It pays to understand the concept which is the same for all MS Windows booting a Linux. Thus if you install several Linux you simply repeat the steps and set your own filenames like Linux1.mbr, Linux2.mbr etc and amend boot.ini accordingly.

In general no need to touch the boot.ini or anything in Windows once the set up has been done. All NTLDR needs is the file "wubidr.mbr" available inside the partition that holds boot.ini


----------



## TerryNet (Mar 23, 2005)

> is the wording noexecute ok in boot.ini file?


Yes. The boot.ini I checked is just like yours, except I don't have Wubi installed so don't have the last line of yours.

With Ubuntu installed using Wubi there is no separate partition for Linux. Looking from the "outside" all you see is a large file in the Windows partition; when you boot to Ubuntu this large file becomes the Linux partition and from within the booted Ubuntu it looks like a separate partition.

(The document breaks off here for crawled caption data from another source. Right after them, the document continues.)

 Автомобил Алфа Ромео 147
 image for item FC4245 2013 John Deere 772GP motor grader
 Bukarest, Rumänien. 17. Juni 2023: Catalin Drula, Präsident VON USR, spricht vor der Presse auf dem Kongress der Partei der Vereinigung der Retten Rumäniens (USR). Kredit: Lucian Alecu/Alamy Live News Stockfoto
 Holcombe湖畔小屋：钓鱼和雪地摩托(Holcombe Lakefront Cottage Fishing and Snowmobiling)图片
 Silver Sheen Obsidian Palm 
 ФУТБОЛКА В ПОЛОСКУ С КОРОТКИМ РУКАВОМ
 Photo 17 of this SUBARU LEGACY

For this reason I don't have my usual extreme confidence that *saikee*'s procedure will work. But it's certainly worth a try. If it doesn't work report back details of what happened and he may be able to amend the instructions.


----------



## saikee (Jun 11, 2004)

I don't use Wubi. If what you said the Ubuntu is just a guest system inside Windows in which case there should be no necessity to boot a guest system which must operate wholly inside a host system, as a virtual machines does.

I run a portable Ubuntu that is fired up inside a MS Windows.

The Step (2) I put in is to check if such a system exists. In which case there should be no partition type 83 visible and so it would be impossible to proceed to Step (3) if Ubuntu is just a file inside the MS Windows. I act on the entry on boot.ini as that is the normal way to get NTLDR to boot a Linux, by having its mbr inside the "C" drive.


----------



## TerryNet (Mar 23, 2005)

Wubi does not make Ubuntu a guest system like when using VirtualBox or VMware or other virtual machines. Wubi installs as a Windows application, un-installs with Add/Remove programs, but you actually get a dual boot. So, we'll just have to see how well your procedure works with this special case.


----------



## Lezley (Jun 8, 2010)

I'd totally re-partition and install Ubuntu all over again =P


----------



## g.ramesh (May 8, 2003)

Hi thanks to all of you for your replies.

Now problem seems to be increased as I am not able to boot into win xp either. It is showing hal.dll is missing.

Then I tried the following.

1) when tried to use recovery console , it is showing C:\> after some time.
Then I issued the command expand h:\i386\hal.dl_ c:\windows\system32\hal.dll.

2)Then it displayed " Access is denied ".


Then I tried to run chkdsk with /r option after 50% completion is showed "the system has unrecoverable errors"

At last I booted thru a live CD of Ubuntu 10.04 and checked for computer. It is displaying the three of my original partitions of my HD but none of them are being mounted and are showing the following message:

Error mounting: mount exited with exit code 13: ntfs_attr_pread_i: ntfs_pread failed: Input/output error
Failed to read NTFS $Bitmap: Input/output error
NTFS is either inconsistent, or there is a hardware fault, or it's a
SoftRAID/FakeRAID hardware. In the first case run chkdsk /f on Windows
then reboot into Windows twice. The usage of the /f parameter is very
important! If the device is a SoftRAID/FakeRAID then first activate
it and mount a different device under the /dev/mapper/ directory, (e.g.
/dev/mapper/nvidia_eahaabcc1). Please see the 'dmraid' documentation
for more details.

Please tell me whether my win xp has gone bust?


----------



## saikee (Jun 11, 2004)

What more proof do you need?

(1) Your Xp doesn't boot.

(2) In recovery console chkdsk reported "unrecoverable errors"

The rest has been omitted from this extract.